Batch Normalization disambiguation

dcasal · April 12, 2019, 10:31am

Hi everybody,
I’m really confused about Batch Normalization’s behaviour in pytorch.
Looking to theory, BN should calculate mean and variance of features in batch samples all together, for each channel.

OK, so if I have a matrix as input value (just like an image) I have 3 options :

BatchNorm2d → as my data is 4 dimensional (N, C, H, W)

BatchNorm1d → by flattening data (N, C, H, W) → (N, C, L)

BatchNorm1d → if my data has onlyone channel (am i right?) i can simply change (N, C, L) → (N, L)

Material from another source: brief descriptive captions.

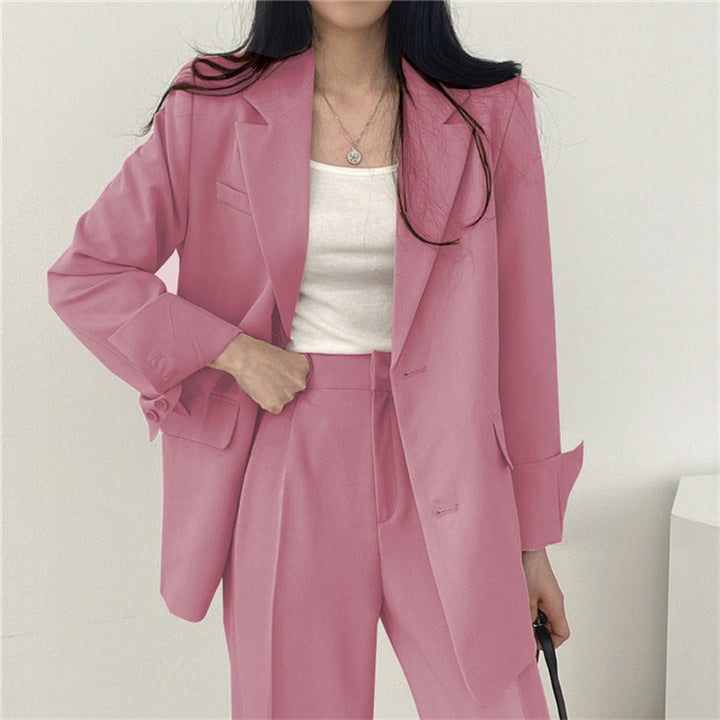 Stylish women's blazer suit with a tailored jacket and relaxed fit trousers for a modern business look.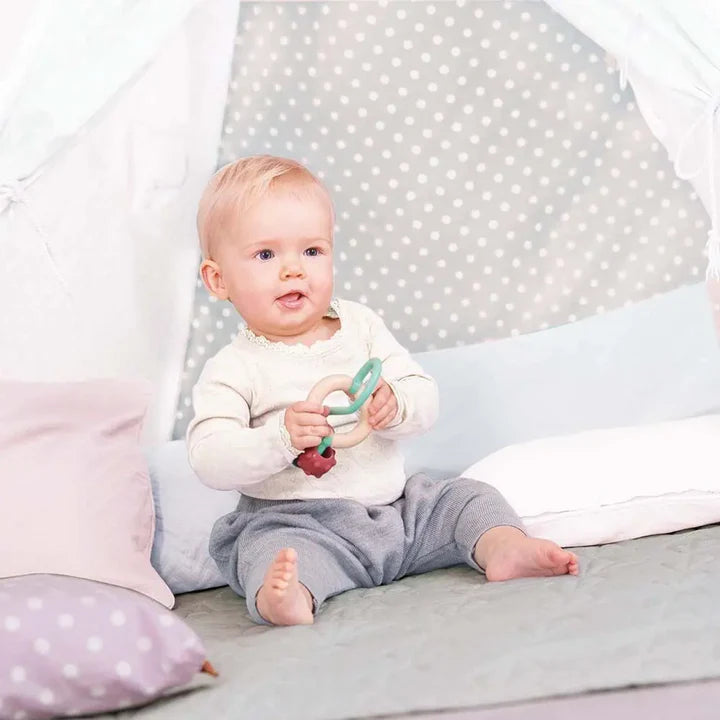 Baby sitting on soft cushions holding a Bead Maze toy with textured rings for sensory play and fine motor skills.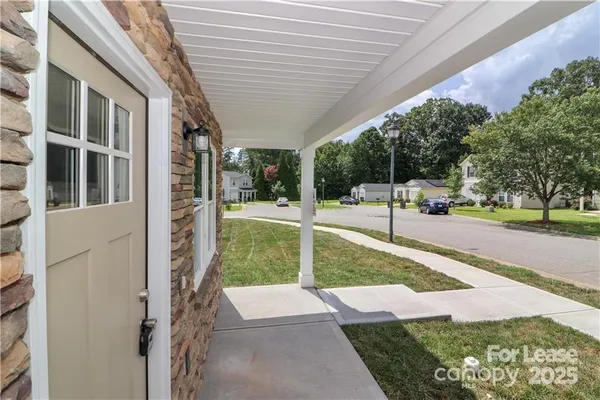 a view of a porch with a backyard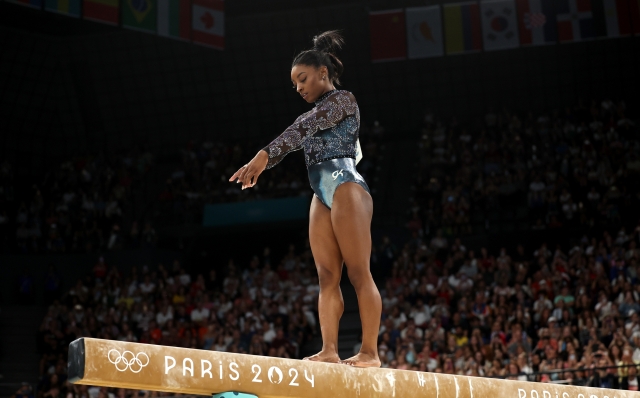 PARIS, FRANCE - JULY 28: Simone Biles of Team United States competes on the balance beam during the Artistic Gymnastics Women's Qualification on day two of the Olympic Games Paris 2024 at Bercy Arena on July 28, 2024 in Paris, France. (Photo by Jamie Squire/Getty Images)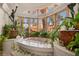 Spa-like bathroom with a soaking tub, bay windows, and decorative plants at 9291 Point Cypress Dr, Orlando, FL 32836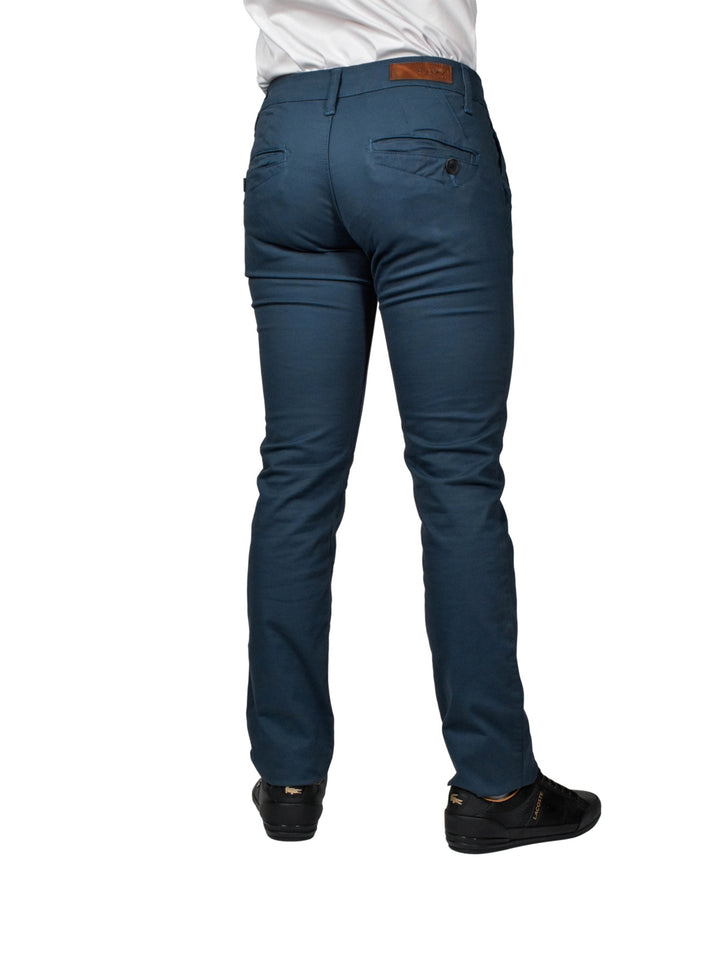 Hombre vistiendo pantalón de gabardina color azul babel, zapatos negros y camisa blanca.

Then i would expect that every BN gives me the same output. But that’s not right. Every output is different.
I’m really really really confused about this! Especially in the difference between BatchNorm1d with input data in shape (N, C, L) and (N, L). Am i right by saying that the shape (N, L) is for one-channeled data?
Thanks for help!

I’m putting here my code (really simple, have a look) :

import torch
import torch.nn as nn


class BN2D(nn.Module) :
    def __init__(self) :
        super(BN2D, self).__init__()
        # nn for mnist
        # input (10, 1, 2, 2)
        self.bn = nn.BatchNorm2d(1)

    def forward(self, x) :
        #flatten data
        x = self.bn(x)
        x = x.view(x.size(0), -1)

        return x

class BN1D(nn.Module) :
    def __init__(self) :
        super(BN1D, self).__init__()
        # nn for mnist
        # input (10, 1, 4)
        self.bn = nn.BatchNorm1d(1)
        # input (10, 4)
        self.bn_1 = nn.BatchNorm1d(4)

    def forward(self, x) :
        #flatten data
        y = x.view(x.size(0), 1, -1)
        y = self.bn(y)
        y = y.view(y.size(0), -1)

        y_1 = x.view(x.size(0), -1)
        y_1 = self.bn_1(y_1)

        return y, y_1


def main() :
    bn1d = BN1D()
    print(bn1d)
    bn2d = BN2D()
    print(bn2d)

    x = torch.randn(10, 1, 2, 2)

    out1d, out1d_1 = bn1d(x)
    out2d = bn2d(x)

    print(out1d)
    print(out1d_1)
    print(out2d)

if __name__ == '__main__':
    main()

ptrblck · April 12, 2019, 10:53pm

No, in this case you would use L channels.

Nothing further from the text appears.